__Exercise requirements__: Word for word, restate the lines of the data from the first through the one containing "Úvodní obrazovka aplikace", and nothing else.

Material provided START

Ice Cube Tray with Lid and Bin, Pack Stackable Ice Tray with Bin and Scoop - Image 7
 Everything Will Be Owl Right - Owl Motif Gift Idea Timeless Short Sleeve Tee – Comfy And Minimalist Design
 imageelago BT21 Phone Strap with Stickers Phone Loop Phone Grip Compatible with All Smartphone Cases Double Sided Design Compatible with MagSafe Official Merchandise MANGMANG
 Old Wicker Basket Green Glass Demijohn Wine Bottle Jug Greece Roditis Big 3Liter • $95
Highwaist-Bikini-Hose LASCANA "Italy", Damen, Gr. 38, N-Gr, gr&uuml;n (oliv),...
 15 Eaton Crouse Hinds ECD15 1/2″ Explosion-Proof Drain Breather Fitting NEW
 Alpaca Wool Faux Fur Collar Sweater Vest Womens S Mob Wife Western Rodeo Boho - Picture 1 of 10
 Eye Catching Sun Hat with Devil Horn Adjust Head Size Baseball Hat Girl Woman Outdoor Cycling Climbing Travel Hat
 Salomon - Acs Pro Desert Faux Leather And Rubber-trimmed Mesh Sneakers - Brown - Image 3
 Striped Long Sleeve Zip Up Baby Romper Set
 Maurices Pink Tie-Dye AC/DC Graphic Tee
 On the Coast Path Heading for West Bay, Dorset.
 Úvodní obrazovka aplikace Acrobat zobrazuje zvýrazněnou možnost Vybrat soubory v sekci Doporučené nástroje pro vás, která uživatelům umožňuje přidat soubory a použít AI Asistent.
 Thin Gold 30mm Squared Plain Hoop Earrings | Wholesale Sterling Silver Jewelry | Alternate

Material provided END

__Task response__:
Ice Cube Tray with Lid and Bin, Pack Stackable Ice Tray with Bin and Scoop - Image 7
 Everything Will Be Owl Right - Owl Motif Gift Idea Timeless Short Sleeve Tee – Comfy And Minimalist Design
 imageelago BT21 Phone Strap with Stickers Phone Loop Phone Grip Compatible with All Smartphone Cases Double Sided Design Compatible with MagSafe Official Merchandise MANGMANG
 Old Wicker Basket Green Glass Demijohn Wine Bottle Jug Greece Roditis Big 3Liter • $95
Highwaist-Bikini-Hose LASCANA "Italy", Damen, Gr. 38, N-Gr, gr&uuml;n (oliv),...
 15 Eaton Crouse Hinds ECD15 1/2″ Explosion-Proof Drain Breather Fitting NEW
 Alpaca Wool Faux Fur Collar Sweater Vest Womens S Mob Wife Western Rodeo Boho - Picture 1 of 10
 Eye Catching Sun Hat with Devil Horn Adjust Head Size Baseball Hat Girl Woman Outdoor Cycling Climbing Travel Hat
 Salomon - Acs Pro Desert Faux Leather And Rubber-trimmed Mesh Sneakers - Brown - Image 3
 Striped Long Sleeve Zip Up Baby Romper Set
 Maurices Pink Tie-Dye AC/DC Graphic Tee
 On the Coast Path Heading for West Bay, Dorset.
 Úvodní obrazovka aplikace Acrobat zobrazuje zvýrazněnou možnost Vybrat soubory v sekci Doporučené nástroje pro vás, která uživatelům umožňuje přidat soubory a použít AI Asistent.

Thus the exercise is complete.